Lessons from The Secret Garden

Next, we read The Secret Garden by Frances Hodgson Burnett. I enjoy the way the characters develop throughout the story as well as the descriptive imagery. We only watch the movies after we finish the books (and I chose the adaptation with Maggie Smith). I want my children to see the story in their own mind and have all the details before watching a movie.

One theme in this book that shines through the pages is how a “new thing” becomes accepted truth. This can be applied to trying new ways of doing something, technology, and even how we view ourselves. Everything that exists began with a single idea. Someone then put action behind the idea, testing, and experimenting, until a new thing came to be. “At first people refuse to believe that a strange new thing can be done, then they begin to hope it can be done, then they see it can be done—then it is done and all the world wonders why it was not done centuries ago.”

New thoughts can overpower old ones, creating a shift in both mind and body. While this can work in either direction, in this story, we watch the shift from “sick thoughts” to well ones. Your mindset affects all areas of life and health, including the physical. “One of the new things people began to find out in the last century was that thoughts—just mere thoughts—are as powerful as electric batteries—as good for one as sunlight is, or as bad for one as poison. To let a sad thought or a bad one get into your mind is as dangerous as letting a scarlet fever germ get into your body. If you let it stay there after it has got in you may never get over it as long as you live.”
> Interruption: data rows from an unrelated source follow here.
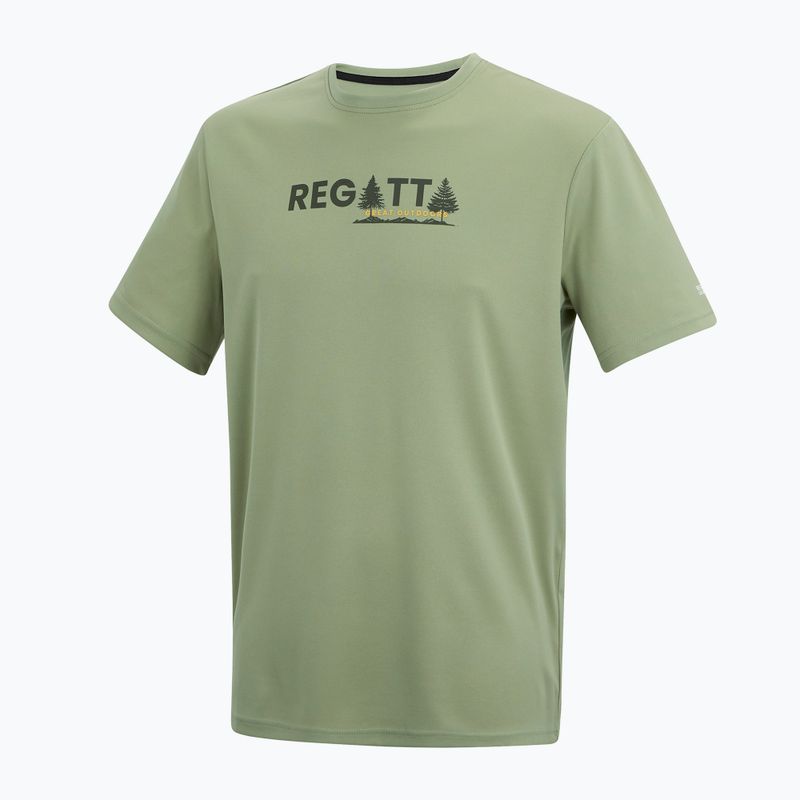 Men's trekking T-shirt REGATTA Fingal light sage 7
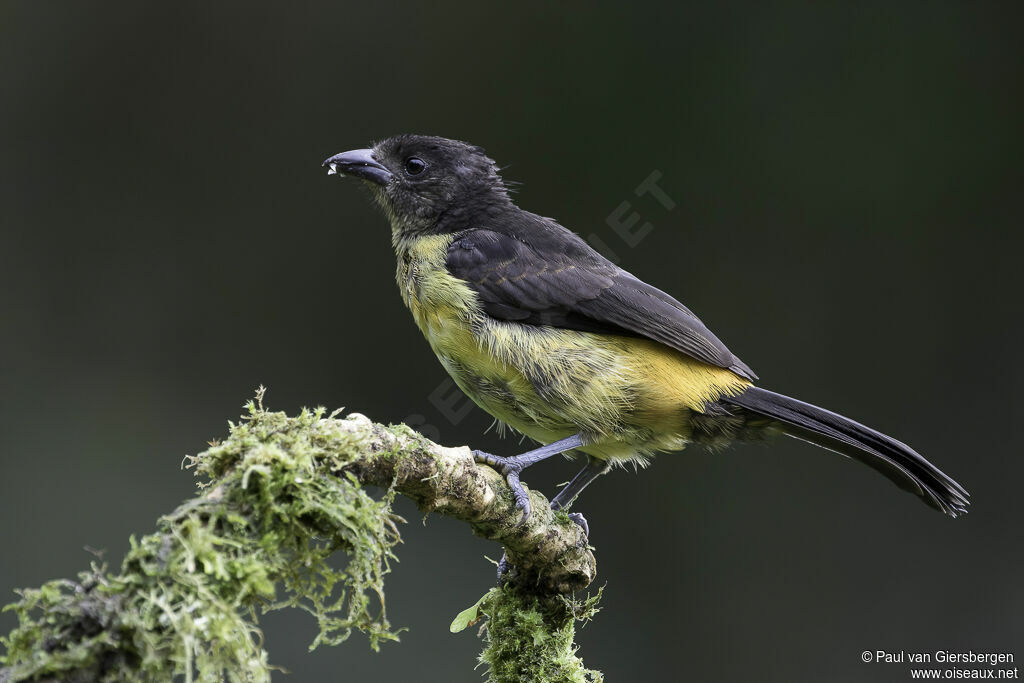 Flame-rumped Tanager female adult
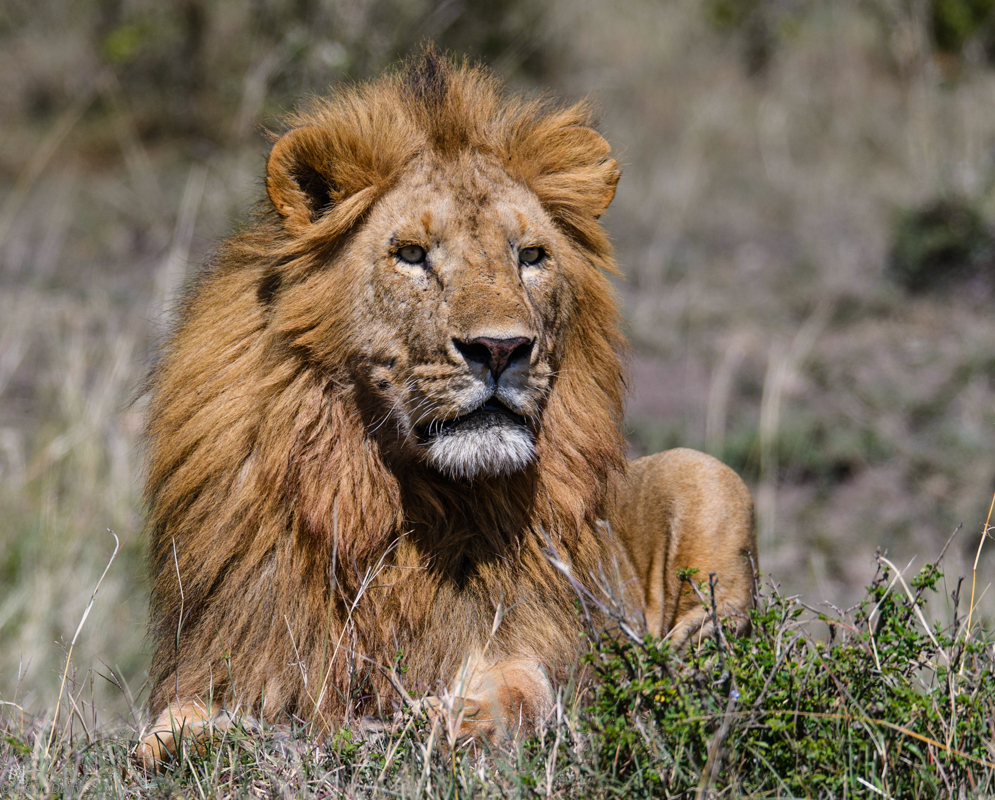 Male Lion (1 of 1)-6.jpg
When the children begin to see the changes they call it Magic. Frances Hodgson Burnett uses “Magic” in her writing to describe miracles and acts of kindness. She speaks of Magic the way I do about God’s power in my life. Believing in a Higher Power gives new strength to the believer. “Magic is always pushing and drawing and making things out of nothing. Everything is made out of Magic, leaves and trees, flowers and birds, badgers and foxes and squirrels and people. So it must be all around us.”